▸ **ACTIVITY**: Without including any pictures, retype exactly the lines from the top of the records through the line containing "Benetton Bnt 1440", that final line included.

Caption-style text data
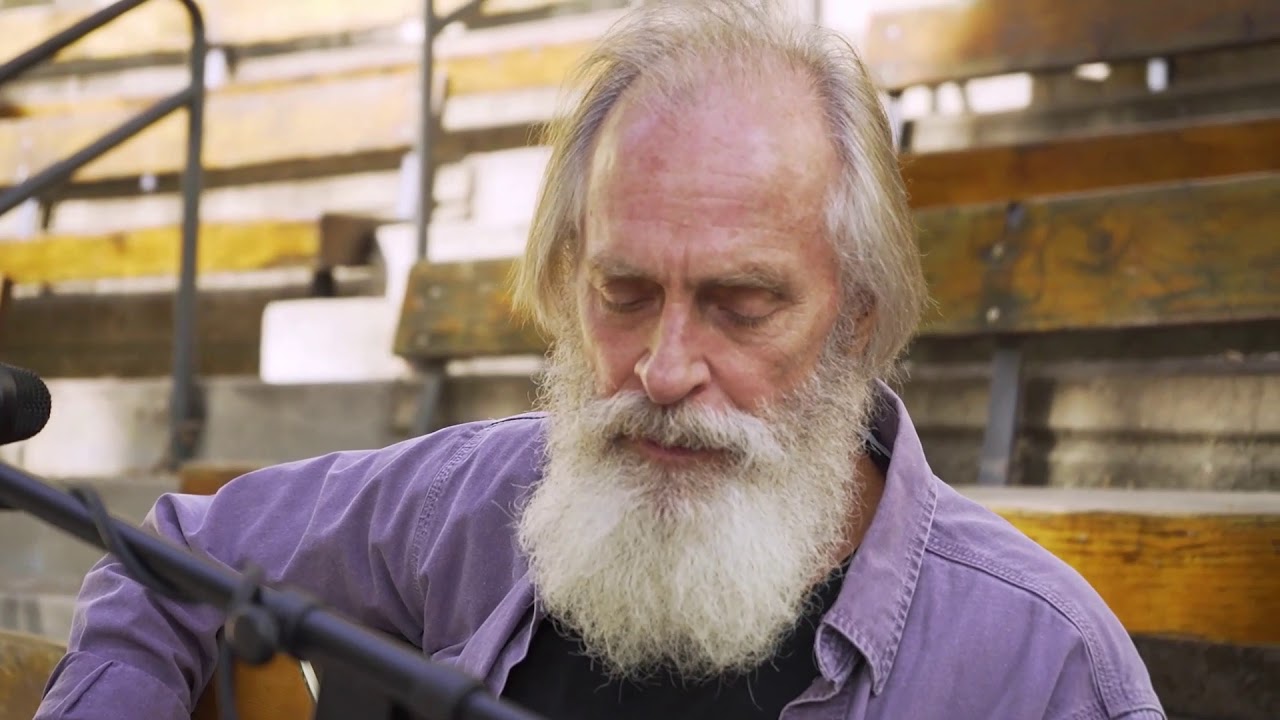 Keith Carradine performs 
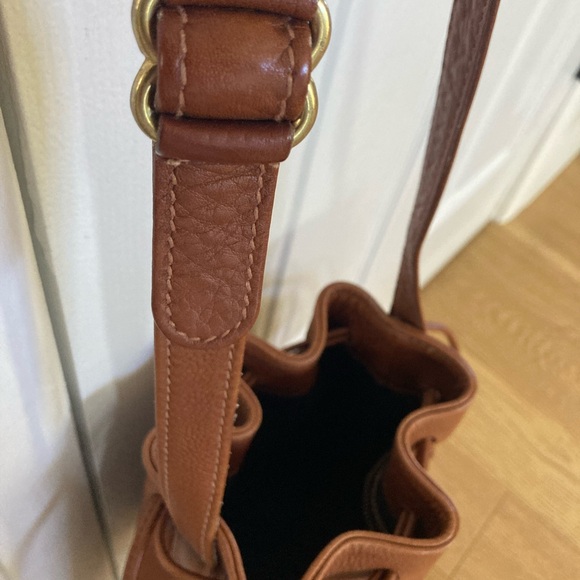 Vintage Leather Coach Bucket Bag - Picture 3 of 6
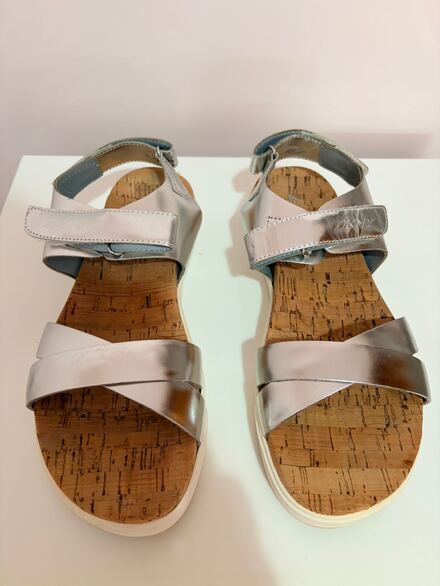 DKNY Gümüş Sandalet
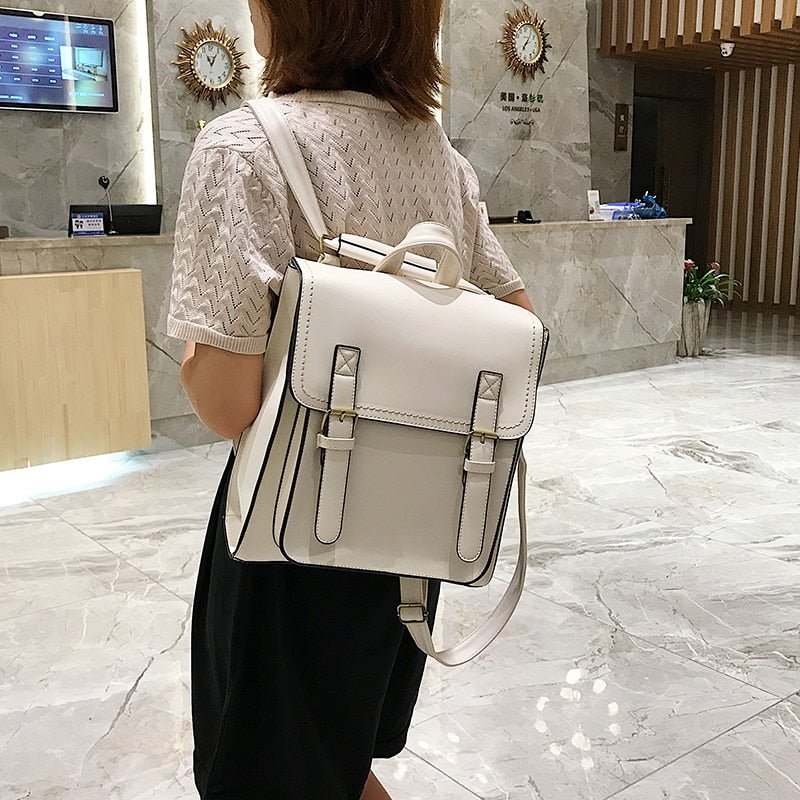Mochila de Couro Feminina com Alça Ajustável 5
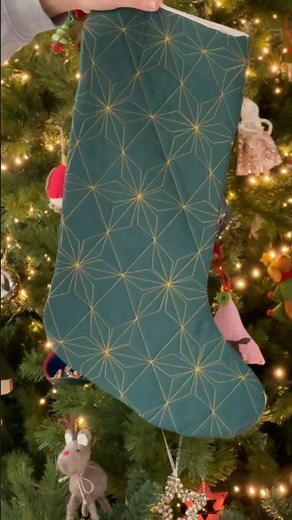Quilted Christmas Stocking | Stitching with Aurifil Cotton 28wt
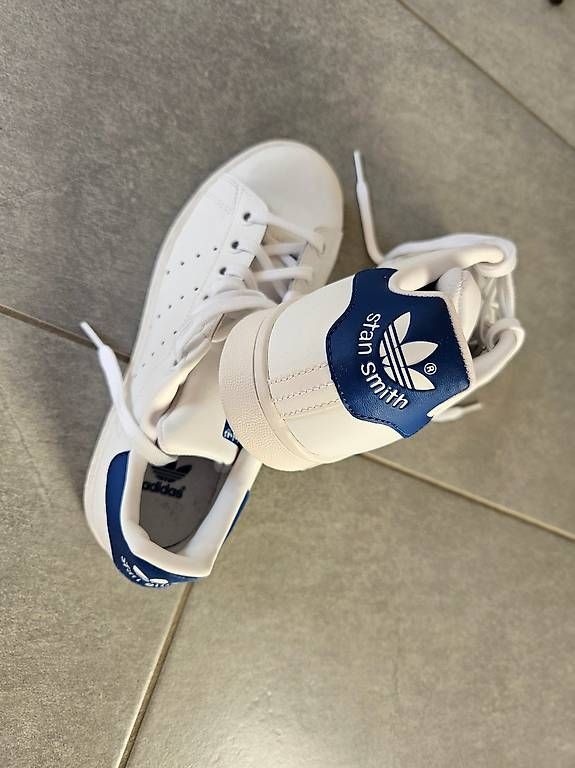 Adidas Scarpe da uomo: Neuer Adidas Stan Smith 36 – Nuovo (secondo la descrizione) da Frauenfeld venduto da Heren_67 1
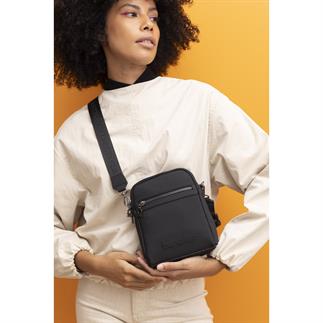 Benetton Bnt 1440 Женская сумка через плечо черная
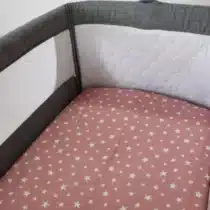 Retrouvez Drap Housse cododo / berceau Rose Etoiles Blanc aux meilleurs prix sur Bebemaman.ma . Livraison à domicile partout au Maroc.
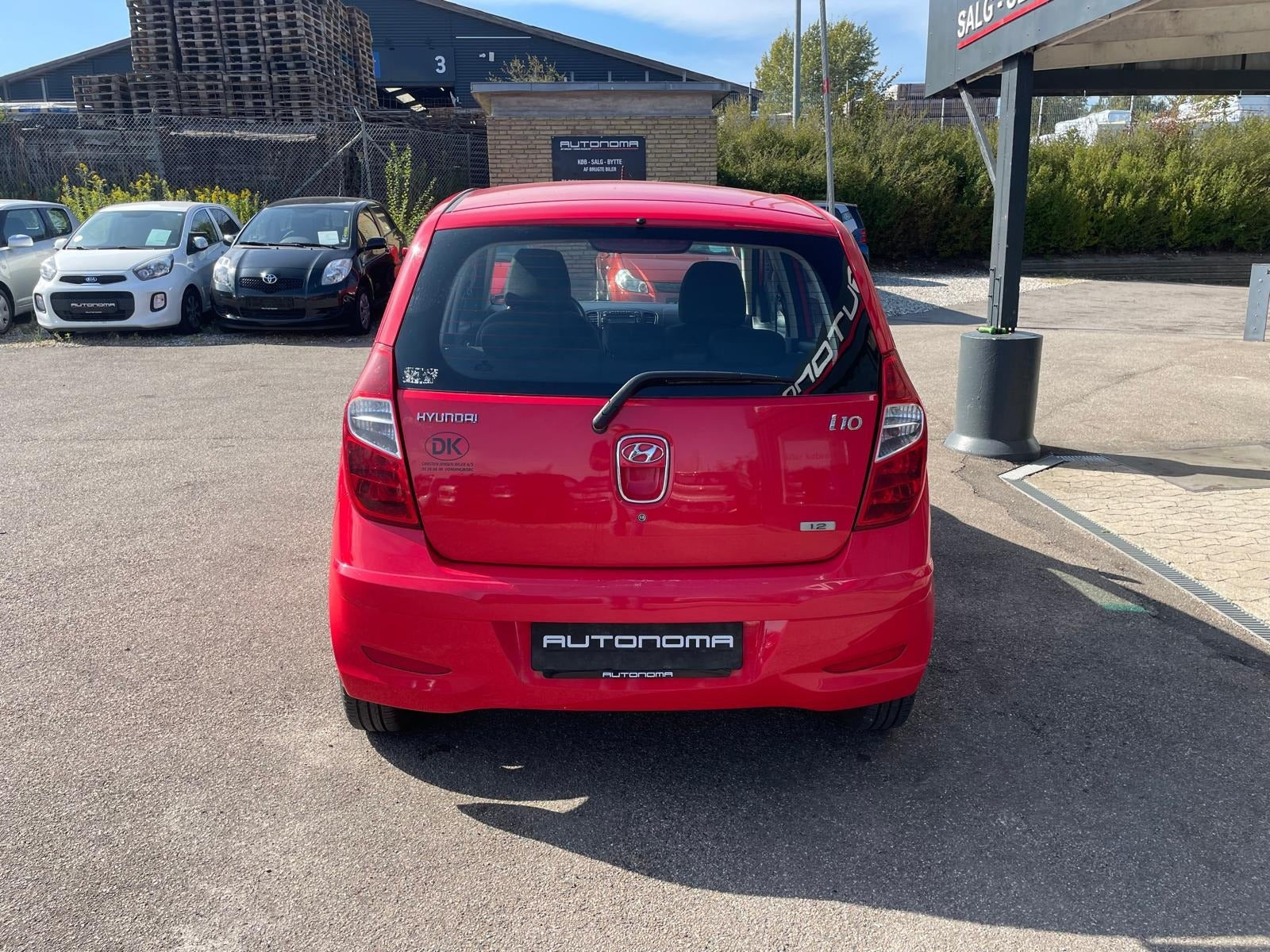 Rød Hyundai i10 fra 2013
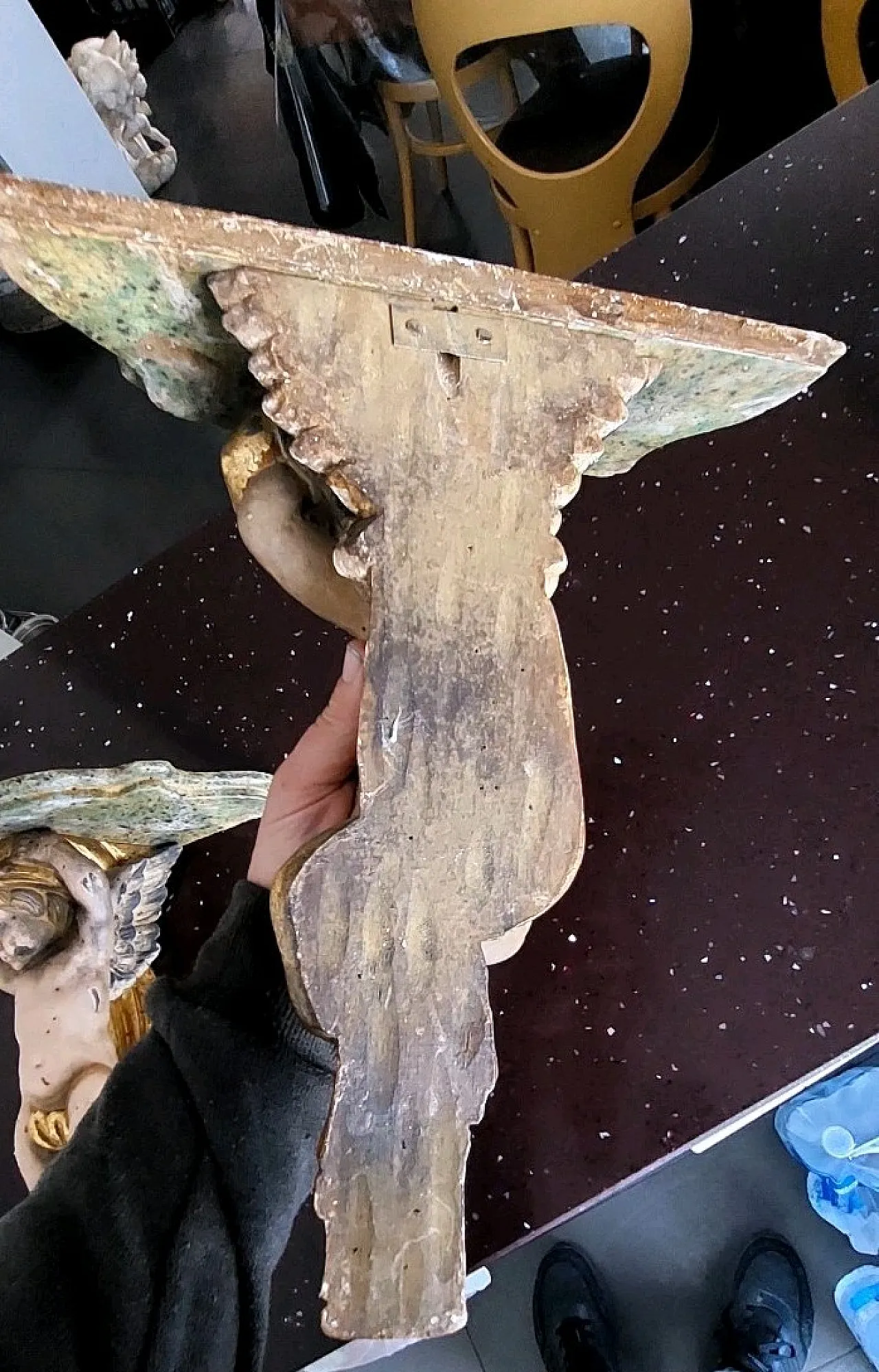 Pair of carved wooden shelves with angels, early 20th century 9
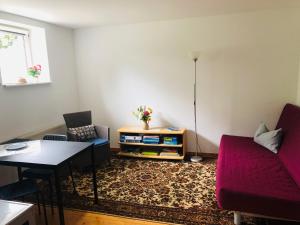 a living room with a couch and a table at Ferienwohnung Lichterfelde Apartment in Berlin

▸ **RESULT**:
 Keith Carradine performs 
 Vintage Leather Coach Bucket Bag - Picture 3 of 6
 DKNY Gümüş Sandalet
Mochila de Couro Feminina com Alça Ajustável 5
Quilted Christmas Stocking | Stitching with Aurifil Cotton 28wt
 Adidas Scarpe da uomo: Neuer Adidas Stan Smith 36 – Nuovo (secondo la descrizione) da Frauenfeld venduto da Heren_67 1
 Benetton Bnt 1440 Женская сумка через плечо черная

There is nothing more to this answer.